Milk is produced in the alveoli deep inside the breast. Ducts are the tubes that carry milk from the alveoli to the nipple. Each breast has five to 10 ducts that normally remain open so milk can pass through during breastfeeding.
When milk flow is blocked by thickened milk that has remained in the duct, you may notice an area of engorgement, a small lump or a small area that feels uncomfortable.

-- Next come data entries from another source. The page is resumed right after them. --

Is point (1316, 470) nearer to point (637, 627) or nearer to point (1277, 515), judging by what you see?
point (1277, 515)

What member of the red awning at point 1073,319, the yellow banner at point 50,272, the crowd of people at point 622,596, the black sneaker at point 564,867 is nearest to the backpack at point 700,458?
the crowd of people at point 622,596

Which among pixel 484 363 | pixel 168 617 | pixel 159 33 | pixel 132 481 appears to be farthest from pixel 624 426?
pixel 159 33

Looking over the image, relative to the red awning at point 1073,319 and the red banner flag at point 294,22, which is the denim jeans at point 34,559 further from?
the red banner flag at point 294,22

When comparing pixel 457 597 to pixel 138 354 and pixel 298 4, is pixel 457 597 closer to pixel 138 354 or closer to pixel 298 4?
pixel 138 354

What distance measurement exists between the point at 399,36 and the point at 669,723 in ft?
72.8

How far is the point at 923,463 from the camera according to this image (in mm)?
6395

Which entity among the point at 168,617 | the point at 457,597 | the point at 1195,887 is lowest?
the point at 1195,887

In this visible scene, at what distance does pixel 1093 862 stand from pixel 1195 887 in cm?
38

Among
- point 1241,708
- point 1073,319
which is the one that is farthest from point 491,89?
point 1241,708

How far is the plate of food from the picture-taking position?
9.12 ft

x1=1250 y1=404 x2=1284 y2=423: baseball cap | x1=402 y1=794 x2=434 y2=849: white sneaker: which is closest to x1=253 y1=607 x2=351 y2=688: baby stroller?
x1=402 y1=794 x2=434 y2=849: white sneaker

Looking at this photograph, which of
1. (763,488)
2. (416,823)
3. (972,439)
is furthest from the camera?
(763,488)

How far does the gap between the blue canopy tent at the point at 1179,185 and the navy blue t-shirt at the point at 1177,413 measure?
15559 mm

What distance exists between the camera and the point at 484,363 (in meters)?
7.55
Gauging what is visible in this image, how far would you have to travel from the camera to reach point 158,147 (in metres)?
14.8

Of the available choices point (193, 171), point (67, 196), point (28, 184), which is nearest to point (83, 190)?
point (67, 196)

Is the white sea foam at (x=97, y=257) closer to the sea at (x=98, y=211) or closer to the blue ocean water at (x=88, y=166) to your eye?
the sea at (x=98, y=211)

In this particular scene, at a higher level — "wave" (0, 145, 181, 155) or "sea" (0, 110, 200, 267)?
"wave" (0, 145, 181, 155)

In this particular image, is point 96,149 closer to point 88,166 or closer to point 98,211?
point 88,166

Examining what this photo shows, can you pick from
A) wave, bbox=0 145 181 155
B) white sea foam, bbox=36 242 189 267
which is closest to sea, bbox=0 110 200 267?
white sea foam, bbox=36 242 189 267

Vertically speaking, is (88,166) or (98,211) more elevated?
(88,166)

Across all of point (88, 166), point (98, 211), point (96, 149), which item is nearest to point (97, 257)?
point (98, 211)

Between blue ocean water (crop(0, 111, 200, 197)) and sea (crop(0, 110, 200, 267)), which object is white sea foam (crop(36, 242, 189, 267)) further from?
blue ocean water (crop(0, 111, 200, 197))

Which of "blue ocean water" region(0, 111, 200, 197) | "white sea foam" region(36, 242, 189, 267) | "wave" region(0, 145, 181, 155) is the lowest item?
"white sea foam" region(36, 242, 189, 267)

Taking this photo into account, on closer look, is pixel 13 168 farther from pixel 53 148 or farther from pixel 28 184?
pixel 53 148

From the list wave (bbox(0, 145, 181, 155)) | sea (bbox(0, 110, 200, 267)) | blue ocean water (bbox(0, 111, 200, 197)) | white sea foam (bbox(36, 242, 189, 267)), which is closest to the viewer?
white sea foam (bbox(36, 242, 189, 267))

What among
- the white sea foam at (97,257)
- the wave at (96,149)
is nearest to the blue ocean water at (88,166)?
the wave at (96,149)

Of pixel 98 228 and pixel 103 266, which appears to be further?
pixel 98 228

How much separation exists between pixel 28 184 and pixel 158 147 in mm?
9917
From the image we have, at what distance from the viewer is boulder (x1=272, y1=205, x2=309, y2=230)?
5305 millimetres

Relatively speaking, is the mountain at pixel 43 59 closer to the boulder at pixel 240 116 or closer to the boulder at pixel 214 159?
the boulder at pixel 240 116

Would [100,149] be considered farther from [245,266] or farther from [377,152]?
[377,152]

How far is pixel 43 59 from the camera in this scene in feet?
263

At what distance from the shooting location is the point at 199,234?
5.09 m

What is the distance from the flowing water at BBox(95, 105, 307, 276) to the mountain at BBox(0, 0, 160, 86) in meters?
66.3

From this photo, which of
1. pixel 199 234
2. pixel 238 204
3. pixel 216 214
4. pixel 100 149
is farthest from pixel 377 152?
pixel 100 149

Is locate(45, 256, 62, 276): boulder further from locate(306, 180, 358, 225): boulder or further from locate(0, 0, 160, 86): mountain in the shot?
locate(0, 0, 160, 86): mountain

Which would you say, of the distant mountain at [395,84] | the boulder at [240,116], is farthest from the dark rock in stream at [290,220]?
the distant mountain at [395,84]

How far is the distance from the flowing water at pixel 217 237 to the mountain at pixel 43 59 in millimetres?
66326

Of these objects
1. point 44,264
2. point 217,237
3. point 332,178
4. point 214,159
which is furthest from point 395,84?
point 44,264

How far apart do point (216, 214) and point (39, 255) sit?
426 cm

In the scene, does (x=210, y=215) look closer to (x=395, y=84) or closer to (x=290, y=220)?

Goal is it to soften the blockage and move it out through the nipple using a combination of heat, massage and effective milk removal — breastfeeding, pumping or manual expression.
Causes of plugged ducts
- Infrequent or ineffective milk removal
- Missing a feeding
- Overproduction of milk
- Pressure from an underwire bra
- Warm the area of the breast where the blockage is located for a few minutes. Keep in mind that the temperature should be comfortably hot to avoid damaging the breast tissue. Methods to consider include a warm shower, warm packs, a heating pad or soaking the breast in a bowl of warm water.
- While the breast is warm, massage gently and deeply from behind the blockage toward the nipple. Keep in mind the duct may not run in a straight line toward the nipple.
- Breastfeed, pump or hand express frequently, at least every two to three hours. Start on the breast that has the blockage but don't forget to remove milk from the unaffected breast. When breastfeeding on the affected breast, position the baby so his/her chin points to the affected area.
- Breastfeeding, pumping or manual expression needs to be effective in removing milk. If you're having difficulty with position and latch, schedule an appointment with a lactation consultant from HonorHealth's Center for Breastfeeding Support. See below for detailed contact information.
- Continue applying heat and massage during milk removal. You may notice some discomfort during letdown. The area with the blocked duct should feel less full following milk removal.
- Try breast compression around the blockage while breastfeeding. With fingers on one side of the breast and thumb on the other side, gently squeeze and hold until the baby stops swallowing.
- Alternate positioning to improve drainage in all of the ducts. Try breastfeeding with the breast hanging over the baby.
- Try pumping with the breast and flange aimed toward the floor.
Following the feeding
- Apply cold packs for comfort. Place a soft cloth between the cold pack and your breast.
- Rest, consume adequate fluids and eat a healthy diet. When the duct is cleared, you may see stringy, thickened milk. The area where the blockage occurred may be uncomfortable for a few days.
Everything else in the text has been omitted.